We are convinced that this afternoon we will celebrate the second progressive government in Colombia, the senator said Leftist senator Iván Cepeda, candidate of the ruling Pacto Histórico coalition, was leading on Sunday in the early bulletins of the count in the first round of Colombia's presidential elections, in which the electorate was to choose the successor of current President Gustavo Petro. With just 1% of the polling stations counted, according to data released by the National Registry Office, Cepeda was obtaining around 47% of the votes, followed by far-right lawyer Abelardo de la Espriella, of the Defensores de la Patria movement, with close to 40%. Right-wing uribista senator Paloma Valencia, of the Centro Democrático, registered around 6%. The effective electoral turnout will be known over the coming hours, in a country with more than 41 million eligible voters and a long historical pattern of high abstention.
The National Registry Office stated that the electoral day proceeded with normality and full guarantees across Colombian territory. Once again we have delivered to the country with the organization of elections with full guarantees for all and with impeccable electoral logistics, National Registrar Hernán Penagos said at a press conference, after the urns closed at four in the afternoon local time. The day involved 122,020 polling tables distributed throughout the country. If no candidate exceeds 50% of valid votes, the top two will contest a runoff on 21 June.
Cepeda cast his vote in the Kennedy neighborhood, in southern Bogotá, where he was born and within a few blocks of the location where his father was assassinated twenty-six years ago. We are convinced that this afternoon we will celebrate the second progressive government in Colombia, the senator said, having framed his candidacy as a continuation of Petro's project. De la Espriella voted in his city of residence, Barranquilla, where he has his campaign headquarters, and posted a video on social media in which he warned without evidence of a possible collapse of the electoral system. Valencia, for her part, traveled to Rionegro, Antioquia, where she accompanied former president Álvaro Uribe to vote, her principal political reference. The uribista candidate argued from Bogotá that illegal groups were pressuring Colombians to vote for Cepeda, an allegation she has made repeatedly without presenting evidence and that the Pacto Histórico candidate has asked her to rectify.

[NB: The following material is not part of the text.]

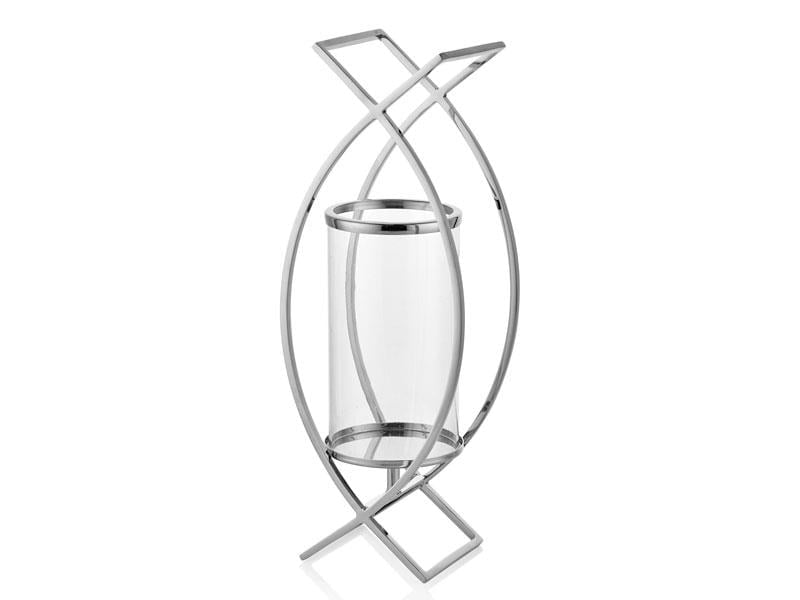 PARABOLAS NICKEL LARGE LANTERN 19X13X50 CM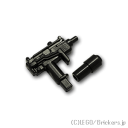 レゴ カスタム パーツ ミニフィグ サブマシンガン Mini-UZI サイレンサー付き [Black/ブラック] | レゴ互換品 ミニフィギュア 人形 ミ..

The day was marked by sensitive institutional episodes. The Inspector General's Office opened an investigation against Labor Minister Antonio Sanguino for alleged political participation during a speech delivered in Valledupar. President Petro publicly displayed his electoral ballot in an act that could add to the ten investigations he already faces before the Accusations Committee of the Chamber of Representatives. Interior Minister Armando Benedetti did the same and revealed his vote for Cepeda. US-Colombian Senator Bernie Moreno attended as an electoral observer, invited by the National Electoral Council, who assessed the conduct of the day with the phrase so far, so good. The definitive figures will arrive over the course of Sunday night, once the National Registry Office incorporates the full set of polling station records into the count.